(Stored items)
[Start of Attachment]
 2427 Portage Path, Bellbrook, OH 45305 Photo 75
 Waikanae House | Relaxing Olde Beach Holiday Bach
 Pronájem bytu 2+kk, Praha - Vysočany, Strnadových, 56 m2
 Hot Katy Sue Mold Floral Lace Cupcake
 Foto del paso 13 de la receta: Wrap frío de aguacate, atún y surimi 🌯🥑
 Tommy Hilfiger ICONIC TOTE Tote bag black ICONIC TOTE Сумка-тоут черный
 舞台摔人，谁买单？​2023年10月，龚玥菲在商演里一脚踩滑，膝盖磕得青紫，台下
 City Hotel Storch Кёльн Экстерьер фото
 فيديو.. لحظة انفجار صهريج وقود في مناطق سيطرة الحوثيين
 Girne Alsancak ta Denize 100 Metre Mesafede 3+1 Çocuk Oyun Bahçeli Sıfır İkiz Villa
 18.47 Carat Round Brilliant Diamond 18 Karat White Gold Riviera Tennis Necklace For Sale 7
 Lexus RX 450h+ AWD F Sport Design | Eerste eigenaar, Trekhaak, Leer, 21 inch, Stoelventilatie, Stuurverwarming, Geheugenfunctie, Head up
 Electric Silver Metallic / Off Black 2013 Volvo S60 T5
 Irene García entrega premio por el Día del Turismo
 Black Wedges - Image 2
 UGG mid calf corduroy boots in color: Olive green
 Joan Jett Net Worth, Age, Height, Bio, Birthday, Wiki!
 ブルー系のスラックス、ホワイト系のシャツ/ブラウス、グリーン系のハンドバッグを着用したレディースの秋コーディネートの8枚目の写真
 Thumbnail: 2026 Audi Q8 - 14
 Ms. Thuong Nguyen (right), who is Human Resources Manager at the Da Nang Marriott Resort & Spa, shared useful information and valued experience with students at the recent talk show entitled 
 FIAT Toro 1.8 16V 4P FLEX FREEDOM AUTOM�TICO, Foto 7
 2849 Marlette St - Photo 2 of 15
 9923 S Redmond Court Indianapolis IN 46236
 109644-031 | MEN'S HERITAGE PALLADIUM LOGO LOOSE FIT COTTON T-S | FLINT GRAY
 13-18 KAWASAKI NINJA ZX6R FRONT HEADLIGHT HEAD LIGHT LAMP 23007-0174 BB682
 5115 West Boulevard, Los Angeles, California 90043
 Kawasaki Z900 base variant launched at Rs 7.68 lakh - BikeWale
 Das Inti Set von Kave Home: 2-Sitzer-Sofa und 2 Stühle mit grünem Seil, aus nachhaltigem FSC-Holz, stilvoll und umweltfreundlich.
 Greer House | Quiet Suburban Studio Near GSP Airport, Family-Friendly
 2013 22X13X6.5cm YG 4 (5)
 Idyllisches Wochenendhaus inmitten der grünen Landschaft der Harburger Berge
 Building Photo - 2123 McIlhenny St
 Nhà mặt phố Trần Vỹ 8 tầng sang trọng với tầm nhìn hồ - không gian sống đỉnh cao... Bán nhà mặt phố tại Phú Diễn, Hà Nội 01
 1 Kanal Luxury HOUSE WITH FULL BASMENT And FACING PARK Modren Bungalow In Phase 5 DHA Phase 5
[End of Attachment]
ASSIGNMENT →
Only the lines above starting at the one containing "2849 Marlette St - Photo 2 of 15" and ending at the one containing "5115 West Boulevard, Los", both included, are to be returned, exactly as they read.

EXERCISE SOLUTION →
 2849 Marlette St - Photo 2 of 15
 9923 S Redmond Court Indianapolis IN 46236
 109644-031 | MEN'S HERITAGE PALLADIUM LOGO LOOSE FIT COTTON T-S | FLINT GRAY
 13-18 KAWASAKI NINJA ZX6R FRONT HEADLIGHT HEAD LIGHT LAMP 23007-0174 BB682
 5115 West Boulevard, Los Angeles, California 90043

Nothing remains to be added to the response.